A mother who became pregnant after they knew their HIV serostatus were 0.22 times less likely to have HIV positive child compared to those who knew their HIV status during antenatal care or post-partum, after pregnancy. A similar study in Ethiopia reported a higher risk of infection due to delayed HIV diagnosis of the mother [8]. Studies conducted in Ukraine and University of Gondar Hospital, Ethiopia also showed similar finding [13, 17]. The possible explanation for a higher rate of MTCT of HIV in mothers who are newly diagnosed compared with known HIV-positive mothers could be; known the positive mother has good clinical adherence so they can benefit from antiretroviral drugs. HIV positive mother on the antiretroviral drug will be with the low viral load so that there is less probability of transmitting to the child through pregnancy, childbirth, and breastfeeding. Mother on chronic HIV care would be with better knowledge of PMTCT and adhered to the recommended prevention mechanism [26].

Mothers with no PMTCT intervention were more likely to have HIV positive children at the end of follow-up. This result is similar to study conducted in other parts of Ethiopia, Cameroon, Tanzania, and Malawi. These studies showed a higher risk of HIV transmission from ANC and post-partum diagnosis compared to known positive mothers [8, 13, 22, 27, 28]. This can be explained in line with the advantage of antiretroviral drug.

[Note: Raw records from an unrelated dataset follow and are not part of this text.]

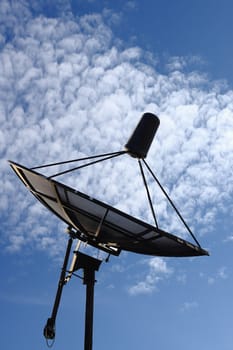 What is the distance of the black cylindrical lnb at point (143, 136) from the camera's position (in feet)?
51.2

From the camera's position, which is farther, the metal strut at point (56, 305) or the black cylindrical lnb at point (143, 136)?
the black cylindrical lnb at point (143, 136)

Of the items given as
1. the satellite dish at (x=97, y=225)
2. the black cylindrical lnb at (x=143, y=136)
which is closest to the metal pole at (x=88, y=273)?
the satellite dish at (x=97, y=225)

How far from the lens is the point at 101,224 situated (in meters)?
16.5

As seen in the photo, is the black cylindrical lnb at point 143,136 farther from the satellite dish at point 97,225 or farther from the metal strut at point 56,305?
the metal strut at point 56,305

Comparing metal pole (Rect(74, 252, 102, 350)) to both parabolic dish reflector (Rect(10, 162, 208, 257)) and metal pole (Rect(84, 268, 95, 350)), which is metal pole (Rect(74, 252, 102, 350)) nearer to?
metal pole (Rect(84, 268, 95, 350))

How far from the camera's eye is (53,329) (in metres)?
15.4

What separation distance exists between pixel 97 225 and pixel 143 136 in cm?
381

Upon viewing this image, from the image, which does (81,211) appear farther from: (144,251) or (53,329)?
(53,329)

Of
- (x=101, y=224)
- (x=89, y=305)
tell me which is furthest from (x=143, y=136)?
(x=89, y=305)

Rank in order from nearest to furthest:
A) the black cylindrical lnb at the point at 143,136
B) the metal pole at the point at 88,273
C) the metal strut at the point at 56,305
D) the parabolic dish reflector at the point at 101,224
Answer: the parabolic dish reflector at the point at 101,224, the metal strut at the point at 56,305, the black cylindrical lnb at the point at 143,136, the metal pole at the point at 88,273

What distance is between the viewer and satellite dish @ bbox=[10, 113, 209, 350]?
15.3 meters

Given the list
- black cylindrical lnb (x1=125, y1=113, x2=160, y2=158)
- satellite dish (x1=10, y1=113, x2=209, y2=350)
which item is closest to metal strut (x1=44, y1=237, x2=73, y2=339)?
satellite dish (x1=10, y1=113, x2=209, y2=350)

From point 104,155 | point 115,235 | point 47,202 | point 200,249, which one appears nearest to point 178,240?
point 200,249

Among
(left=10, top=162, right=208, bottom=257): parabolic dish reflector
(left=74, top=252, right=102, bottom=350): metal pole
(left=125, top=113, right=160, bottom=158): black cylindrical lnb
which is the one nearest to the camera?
(left=10, top=162, right=208, bottom=257): parabolic dish reflector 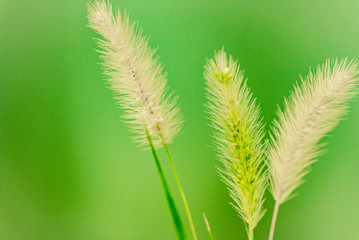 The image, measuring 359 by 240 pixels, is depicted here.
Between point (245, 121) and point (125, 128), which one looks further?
point (125, 128)

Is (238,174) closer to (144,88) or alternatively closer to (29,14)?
(144,88)

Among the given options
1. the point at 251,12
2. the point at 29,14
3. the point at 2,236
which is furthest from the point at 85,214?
the point at 251,12

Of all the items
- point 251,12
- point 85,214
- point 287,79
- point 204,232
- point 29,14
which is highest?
point 29,14

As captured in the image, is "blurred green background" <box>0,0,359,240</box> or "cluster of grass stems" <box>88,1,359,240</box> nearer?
"cluster of grass stems" <box>88,1,359,240</box>

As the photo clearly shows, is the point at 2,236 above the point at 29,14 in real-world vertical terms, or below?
below

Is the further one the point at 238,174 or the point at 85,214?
the point at 85,214

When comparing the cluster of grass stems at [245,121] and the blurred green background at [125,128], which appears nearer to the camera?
the cluster of grass stems at [245,121]

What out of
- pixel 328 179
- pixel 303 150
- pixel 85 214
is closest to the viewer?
pixel 303 150

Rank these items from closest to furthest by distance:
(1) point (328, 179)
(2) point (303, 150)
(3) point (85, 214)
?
(2) point (303, 150)
(1) point (328, 179)
(3) point (85, 214) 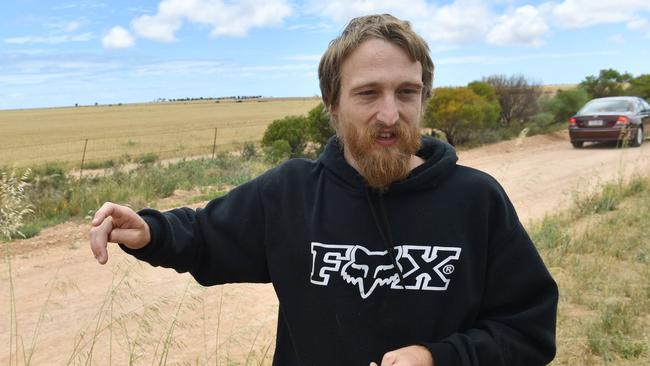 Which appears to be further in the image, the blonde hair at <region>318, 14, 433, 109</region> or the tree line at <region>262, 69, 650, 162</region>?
the tree line at <region>262, 69, 650, 162</region>

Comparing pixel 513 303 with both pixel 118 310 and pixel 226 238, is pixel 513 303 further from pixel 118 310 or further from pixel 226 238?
pixel 118 310

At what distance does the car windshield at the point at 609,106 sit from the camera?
1630cm

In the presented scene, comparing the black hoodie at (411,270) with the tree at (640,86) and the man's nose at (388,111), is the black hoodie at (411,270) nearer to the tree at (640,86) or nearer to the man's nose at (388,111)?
the man's nose at (388,111)

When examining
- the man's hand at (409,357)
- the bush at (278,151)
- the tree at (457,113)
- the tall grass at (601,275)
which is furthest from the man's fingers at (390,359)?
the tree at (457,113)

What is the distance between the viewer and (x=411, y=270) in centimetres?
181

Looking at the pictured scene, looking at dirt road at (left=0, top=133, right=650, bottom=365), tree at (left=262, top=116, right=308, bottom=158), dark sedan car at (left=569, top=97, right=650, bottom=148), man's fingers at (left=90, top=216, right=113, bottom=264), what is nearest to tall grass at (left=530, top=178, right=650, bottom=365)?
dirt road at (left=0, top=133, right=650, bottom=365)

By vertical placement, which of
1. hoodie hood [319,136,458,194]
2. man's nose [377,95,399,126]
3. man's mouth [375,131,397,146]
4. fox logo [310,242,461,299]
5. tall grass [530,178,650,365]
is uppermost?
man's nose [377,95,399,126]

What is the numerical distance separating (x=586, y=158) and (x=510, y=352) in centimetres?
1388

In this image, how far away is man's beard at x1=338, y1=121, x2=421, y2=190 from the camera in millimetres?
1861

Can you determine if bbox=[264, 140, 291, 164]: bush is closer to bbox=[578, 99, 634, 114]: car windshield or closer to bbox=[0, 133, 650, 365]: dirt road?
bbox=[0, 133, 650, 365]: dirt road

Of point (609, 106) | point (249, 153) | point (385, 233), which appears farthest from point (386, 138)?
point (249, 153)

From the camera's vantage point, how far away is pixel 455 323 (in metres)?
1.81

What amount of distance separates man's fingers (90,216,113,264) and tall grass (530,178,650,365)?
3318mm

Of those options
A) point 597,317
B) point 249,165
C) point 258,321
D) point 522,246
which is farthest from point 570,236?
point 249,165
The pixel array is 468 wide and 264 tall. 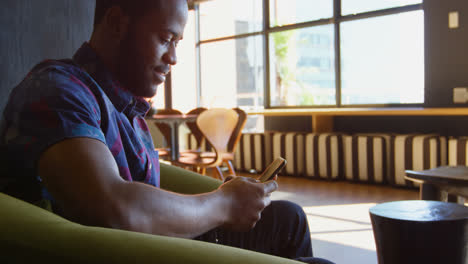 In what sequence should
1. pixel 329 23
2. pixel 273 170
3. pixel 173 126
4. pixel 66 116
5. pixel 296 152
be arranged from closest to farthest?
1. pixel 66 116
2. pixel 273 170
3. pixel 173 126
4. pixel 296 152
5. pixel 329 23

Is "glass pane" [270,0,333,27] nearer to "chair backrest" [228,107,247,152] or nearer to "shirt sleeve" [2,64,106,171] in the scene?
"chair backrest" [228,107,247,152]

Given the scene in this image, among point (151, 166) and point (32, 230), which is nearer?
point (32, 230)

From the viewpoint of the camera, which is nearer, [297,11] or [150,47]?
[150,47]

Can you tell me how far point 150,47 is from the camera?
102cm

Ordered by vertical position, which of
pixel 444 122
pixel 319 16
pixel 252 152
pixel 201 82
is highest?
pixel 319 16

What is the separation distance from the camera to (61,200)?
0.75m

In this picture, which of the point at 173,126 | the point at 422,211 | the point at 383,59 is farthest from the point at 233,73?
the point at 422,211

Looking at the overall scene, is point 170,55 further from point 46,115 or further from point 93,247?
point 93,247

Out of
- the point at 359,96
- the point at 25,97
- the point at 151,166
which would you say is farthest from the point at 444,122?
the point at 25,97

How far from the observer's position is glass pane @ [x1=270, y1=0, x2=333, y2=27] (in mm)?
5797

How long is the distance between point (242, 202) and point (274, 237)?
0.34 m

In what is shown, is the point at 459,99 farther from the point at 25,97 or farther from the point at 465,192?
the point at 25,97

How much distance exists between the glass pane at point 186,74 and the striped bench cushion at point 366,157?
10.4 ft

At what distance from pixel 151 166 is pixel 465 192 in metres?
1.57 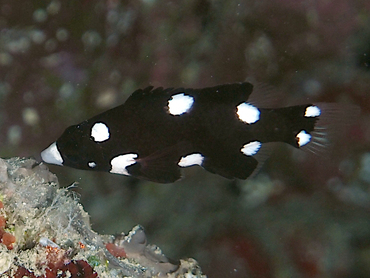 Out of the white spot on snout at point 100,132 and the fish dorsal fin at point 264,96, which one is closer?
the fish dorsal fin at point 264,96

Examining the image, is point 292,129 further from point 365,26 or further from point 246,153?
point 365,26

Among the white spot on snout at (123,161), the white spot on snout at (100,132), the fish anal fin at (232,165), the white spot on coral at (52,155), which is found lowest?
the fish anal fin at (232,165)

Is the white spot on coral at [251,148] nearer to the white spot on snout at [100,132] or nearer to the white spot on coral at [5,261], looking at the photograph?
the white spot on snout at [100,132]

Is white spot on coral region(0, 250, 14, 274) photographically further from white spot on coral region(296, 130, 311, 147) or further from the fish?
white spot on coral region(296, 130, 311, 147)

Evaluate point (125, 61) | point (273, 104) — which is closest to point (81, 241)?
point (125, 61)

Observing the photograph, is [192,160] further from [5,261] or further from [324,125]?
[5,261]

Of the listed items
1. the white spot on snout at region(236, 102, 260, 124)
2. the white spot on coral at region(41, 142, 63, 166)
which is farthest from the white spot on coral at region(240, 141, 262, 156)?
the white spot on coral at region(41, 142, 63, 166)

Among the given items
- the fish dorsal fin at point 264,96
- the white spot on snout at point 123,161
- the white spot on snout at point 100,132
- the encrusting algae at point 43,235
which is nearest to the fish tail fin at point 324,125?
the fish dorsal fin at point 264,96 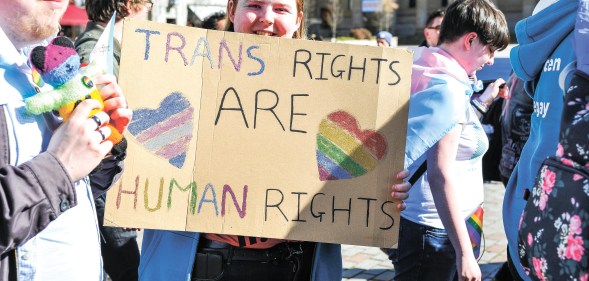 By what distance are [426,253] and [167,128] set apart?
139 centimetres

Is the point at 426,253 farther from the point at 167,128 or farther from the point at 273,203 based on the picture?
the point at 167,128

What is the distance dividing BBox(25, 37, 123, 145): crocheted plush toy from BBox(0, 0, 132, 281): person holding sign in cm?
3

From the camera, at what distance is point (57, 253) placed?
1714 mm

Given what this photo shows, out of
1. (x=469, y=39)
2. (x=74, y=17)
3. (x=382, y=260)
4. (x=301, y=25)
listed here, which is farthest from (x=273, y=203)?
(x=74, y=17)

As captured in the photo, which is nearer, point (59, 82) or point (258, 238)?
point (59, 82)

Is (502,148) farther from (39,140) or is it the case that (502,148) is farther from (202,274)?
(39,140)

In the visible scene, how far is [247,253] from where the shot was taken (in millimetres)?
2271

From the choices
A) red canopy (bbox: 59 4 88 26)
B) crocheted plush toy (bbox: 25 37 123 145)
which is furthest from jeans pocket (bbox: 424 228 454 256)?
red canopy (bbox: 59 4 88 26)

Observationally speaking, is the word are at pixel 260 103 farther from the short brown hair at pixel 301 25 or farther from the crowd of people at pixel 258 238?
the short brown hair at pixel 301 25

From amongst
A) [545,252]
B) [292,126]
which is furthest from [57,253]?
[545,252]

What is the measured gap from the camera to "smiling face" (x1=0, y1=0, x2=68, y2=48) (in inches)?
64.0

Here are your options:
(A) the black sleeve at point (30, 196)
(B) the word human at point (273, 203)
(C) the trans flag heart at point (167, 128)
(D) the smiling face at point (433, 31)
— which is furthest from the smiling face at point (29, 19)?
(D) the smiling face at point (433, 31)

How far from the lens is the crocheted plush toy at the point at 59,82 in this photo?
156 centimetres

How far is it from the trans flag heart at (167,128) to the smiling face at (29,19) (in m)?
0.45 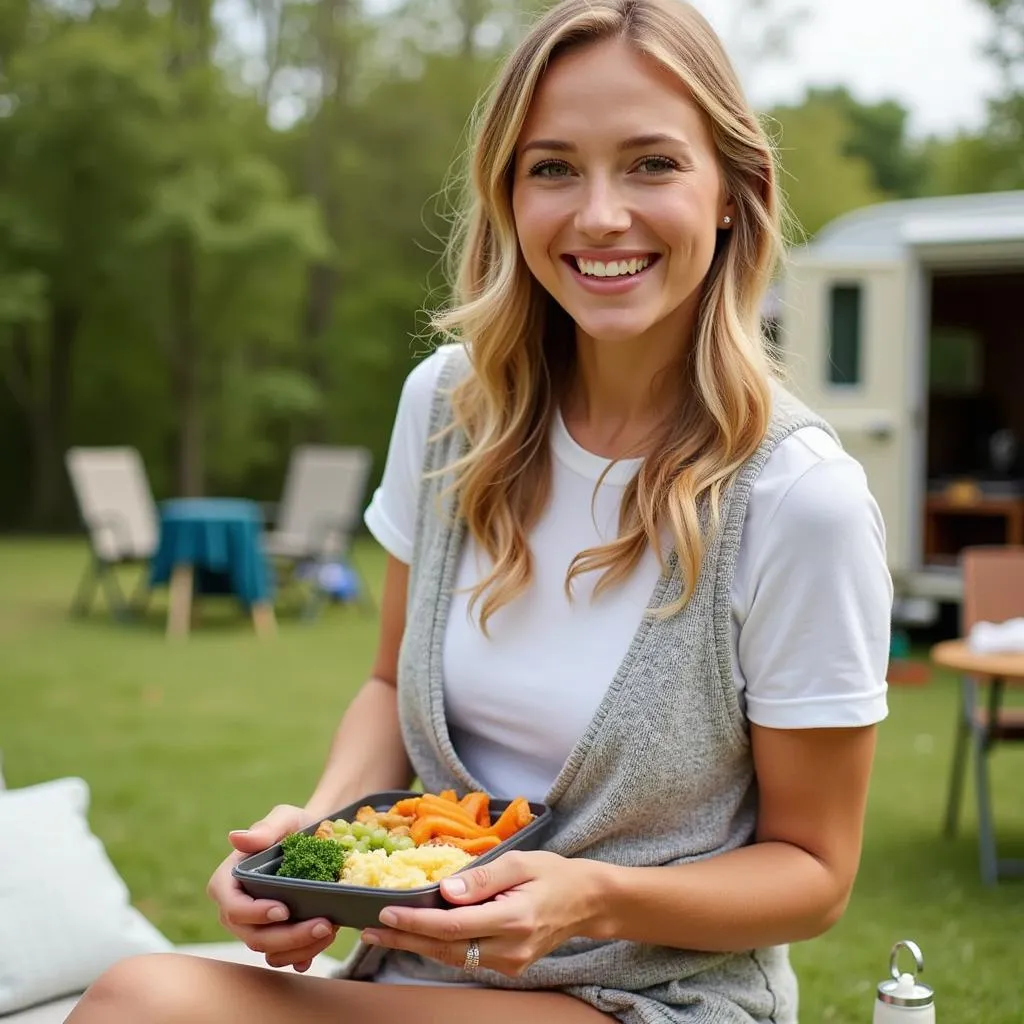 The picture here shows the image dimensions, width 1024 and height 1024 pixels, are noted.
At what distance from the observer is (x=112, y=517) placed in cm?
991

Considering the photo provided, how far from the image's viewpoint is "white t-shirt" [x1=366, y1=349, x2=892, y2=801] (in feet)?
5.03

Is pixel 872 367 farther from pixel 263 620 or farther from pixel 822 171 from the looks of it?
pixel 822 171

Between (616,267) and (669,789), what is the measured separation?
0.60 m

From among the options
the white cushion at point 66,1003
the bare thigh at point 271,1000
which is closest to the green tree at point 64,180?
the white cushion at point 66,1003

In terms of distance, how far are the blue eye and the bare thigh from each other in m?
0.95

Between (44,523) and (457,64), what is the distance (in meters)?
8.38

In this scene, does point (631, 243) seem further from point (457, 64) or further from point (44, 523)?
point (457, 64)

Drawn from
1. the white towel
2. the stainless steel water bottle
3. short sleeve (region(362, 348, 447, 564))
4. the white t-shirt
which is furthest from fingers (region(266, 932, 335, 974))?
the white towel

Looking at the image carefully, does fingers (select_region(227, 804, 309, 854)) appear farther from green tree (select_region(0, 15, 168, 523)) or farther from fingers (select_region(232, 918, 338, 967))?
green tree (select_region(0, 15, 168, 523))

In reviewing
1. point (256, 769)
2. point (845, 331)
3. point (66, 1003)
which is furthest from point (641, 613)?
point (845, 331)

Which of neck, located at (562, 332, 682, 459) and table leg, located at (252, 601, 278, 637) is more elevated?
neck, located at (562, 332, 682, 459)

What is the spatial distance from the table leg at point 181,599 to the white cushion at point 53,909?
651cm

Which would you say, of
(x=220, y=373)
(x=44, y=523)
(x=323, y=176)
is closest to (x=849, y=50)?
(x=323, y=176)

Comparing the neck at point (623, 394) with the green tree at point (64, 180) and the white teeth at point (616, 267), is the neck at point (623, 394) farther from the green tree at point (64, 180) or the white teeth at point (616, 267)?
the green tree at point (64, 180) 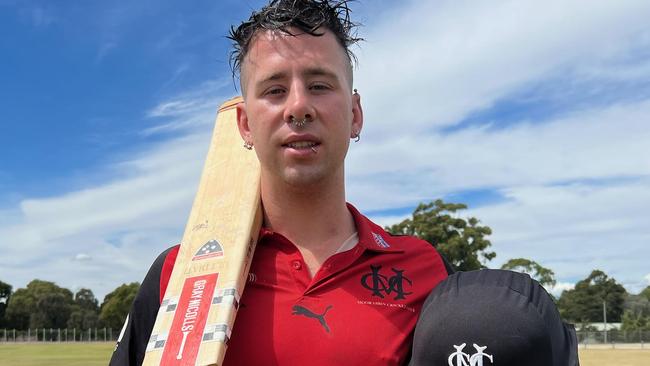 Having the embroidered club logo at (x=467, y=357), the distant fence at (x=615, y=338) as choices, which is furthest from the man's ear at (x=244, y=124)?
Result: the distant fence at (x=615, y=338)

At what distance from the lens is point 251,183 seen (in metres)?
2.62

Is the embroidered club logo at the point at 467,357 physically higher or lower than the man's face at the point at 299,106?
lower

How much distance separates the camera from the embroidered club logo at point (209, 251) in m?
2.47

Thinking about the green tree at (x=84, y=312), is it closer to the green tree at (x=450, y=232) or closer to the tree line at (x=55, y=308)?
the tree line at (x=55, y=308)

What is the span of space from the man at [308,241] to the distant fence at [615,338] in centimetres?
4569

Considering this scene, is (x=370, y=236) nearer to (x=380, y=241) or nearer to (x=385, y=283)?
(x=380, y=241)

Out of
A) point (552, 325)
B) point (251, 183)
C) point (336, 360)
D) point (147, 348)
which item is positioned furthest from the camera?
point (251, 183)

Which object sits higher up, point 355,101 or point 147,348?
point 355,101

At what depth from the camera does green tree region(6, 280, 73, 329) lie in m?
68.2

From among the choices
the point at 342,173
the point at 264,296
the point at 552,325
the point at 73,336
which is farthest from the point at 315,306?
the point at 73,336

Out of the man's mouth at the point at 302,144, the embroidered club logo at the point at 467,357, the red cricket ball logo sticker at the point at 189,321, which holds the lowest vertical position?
the embroidered club logo at the point at 467,357

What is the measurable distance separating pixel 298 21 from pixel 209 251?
2.79ft

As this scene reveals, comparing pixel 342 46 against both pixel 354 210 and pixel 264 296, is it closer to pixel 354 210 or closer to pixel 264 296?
pixel 354 210

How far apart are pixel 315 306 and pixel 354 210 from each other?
1.83 ft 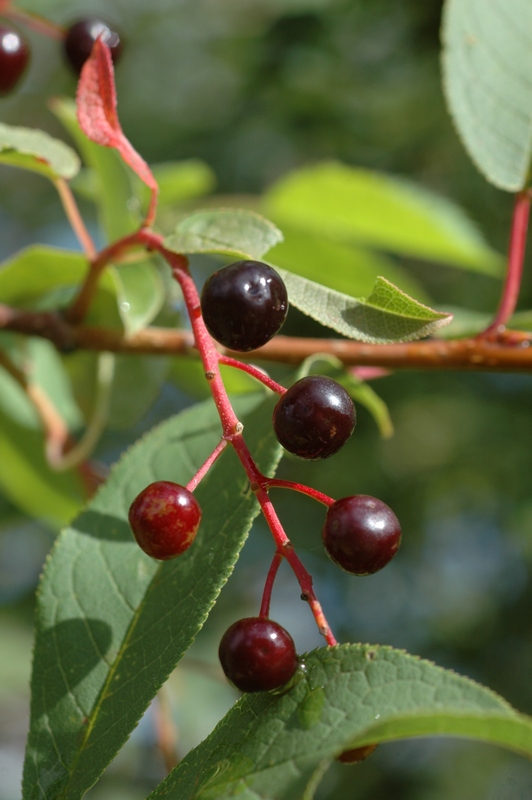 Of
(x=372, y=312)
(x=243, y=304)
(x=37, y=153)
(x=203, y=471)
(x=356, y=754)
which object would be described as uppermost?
(x=37, y=153)

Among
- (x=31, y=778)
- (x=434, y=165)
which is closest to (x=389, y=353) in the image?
(x=31, y=778)

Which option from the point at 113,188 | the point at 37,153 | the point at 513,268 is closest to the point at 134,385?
the point at 113,188

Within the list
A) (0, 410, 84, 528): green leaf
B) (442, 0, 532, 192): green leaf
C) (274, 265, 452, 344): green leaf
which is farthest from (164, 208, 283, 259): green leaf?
(0, 410, 84, 528): green leaf

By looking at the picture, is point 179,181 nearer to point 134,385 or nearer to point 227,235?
point 134,385

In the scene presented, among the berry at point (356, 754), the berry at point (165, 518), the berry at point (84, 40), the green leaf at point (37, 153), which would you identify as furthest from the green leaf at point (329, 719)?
the berry at point (84, 40)

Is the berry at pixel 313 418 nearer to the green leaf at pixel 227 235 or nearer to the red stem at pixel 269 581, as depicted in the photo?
the red stem at pixel 269 581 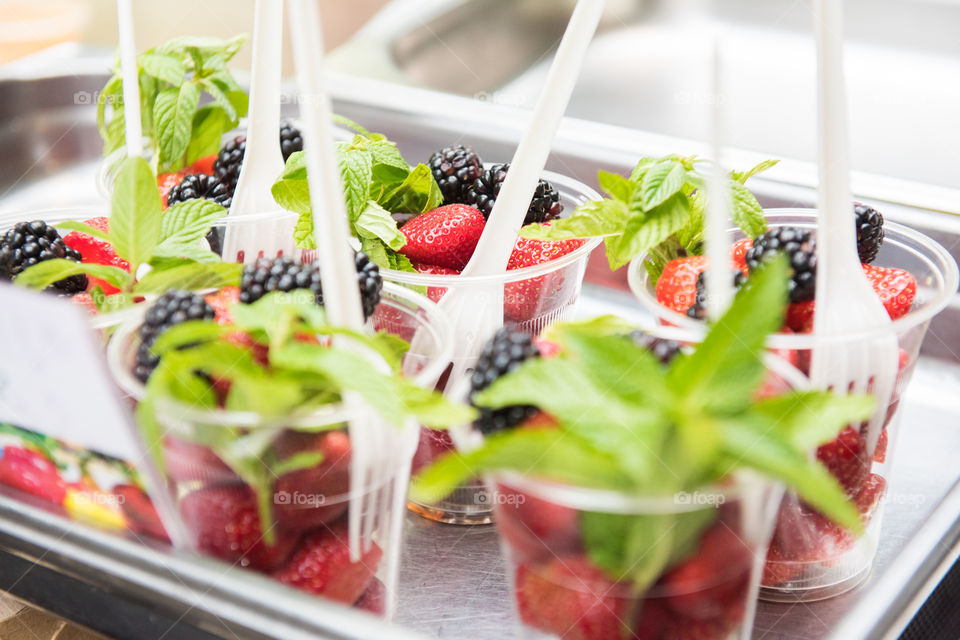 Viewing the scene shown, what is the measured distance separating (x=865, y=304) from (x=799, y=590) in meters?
0.23

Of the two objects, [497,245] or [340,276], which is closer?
[340,276]

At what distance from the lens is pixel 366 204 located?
0.92m

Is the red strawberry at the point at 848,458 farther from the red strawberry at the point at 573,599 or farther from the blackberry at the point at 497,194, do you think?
the blackberry at the point at 497,194

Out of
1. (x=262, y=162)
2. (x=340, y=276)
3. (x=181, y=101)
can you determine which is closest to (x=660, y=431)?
(x=340, y=276)

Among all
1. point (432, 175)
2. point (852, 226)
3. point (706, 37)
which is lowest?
point (706, 37)

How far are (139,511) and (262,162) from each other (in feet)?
1.28

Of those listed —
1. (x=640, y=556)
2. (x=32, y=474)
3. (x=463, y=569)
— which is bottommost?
(x=463, y=569)

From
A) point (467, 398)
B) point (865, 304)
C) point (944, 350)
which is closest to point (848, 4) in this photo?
point (944, 350)


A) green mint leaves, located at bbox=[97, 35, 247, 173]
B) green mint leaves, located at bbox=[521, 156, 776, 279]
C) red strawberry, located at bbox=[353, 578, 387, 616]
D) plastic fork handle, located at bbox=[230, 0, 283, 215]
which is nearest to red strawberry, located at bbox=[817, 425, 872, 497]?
green mint leaves, located at bbox=[521, 156, 776, 279]

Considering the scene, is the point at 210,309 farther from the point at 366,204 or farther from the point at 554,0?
the point at 554,0

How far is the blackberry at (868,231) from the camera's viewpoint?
2.74 ft

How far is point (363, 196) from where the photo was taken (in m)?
0.91

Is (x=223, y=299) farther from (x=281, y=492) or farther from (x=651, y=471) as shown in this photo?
(x=651, y=471)

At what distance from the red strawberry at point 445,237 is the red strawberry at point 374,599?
0.33 meters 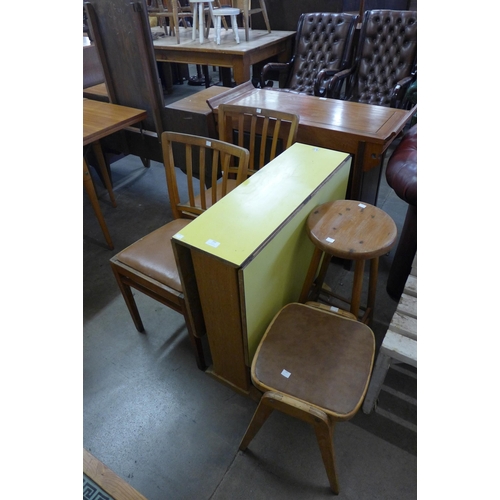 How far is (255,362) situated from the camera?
111cm

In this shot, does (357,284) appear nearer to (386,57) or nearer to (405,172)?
(405,172)

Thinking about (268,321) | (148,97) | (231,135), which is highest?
(148,97)

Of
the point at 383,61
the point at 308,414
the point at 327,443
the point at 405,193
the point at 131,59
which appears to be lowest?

The current study has certain limitations. Since it was a retrospective cohort, some of the registrations were not complete. Due to this, some variables which may affect the MTCT of HIV were not documented in the registration forms and were excluded from the analysis. The identified factors in this study are associational only and it may be difficult to make a causal inference.

Conclusions

The rate of HIV positivity of exposed infants is decreasing meaningfully in the study area. A good progress for virtual elimination of mother to child transmission of HIV is observed. HIV-positive women who become pregnant after they knew their HIV serostatus and who were on clinical care before pregnancy had the highest probability of HIV-negative child. Older age HIV positive mothers were more likely to have HIV positive child than younger mothers. A mother with no PMTCT intervention has a high risk of having HIV-positive baby.

The high rate of risky sexual behavior and poor knowledge of HIV transmission among study participants was also observed. This needs further study to identify possible reasons for high rate of risky sexual behavior among HIV-positive women. Program planners and policy makers at a regional and national level should give more emphasis to the factors identified in this study. Clinicians should give due attention to older mothers during clinical follow-up, and proper documentation of care provided to HIV-positive women and their infants should be encouraged. A nationwide representative study on determinants of MTCT of HIV in resource-limited settings is also recommended.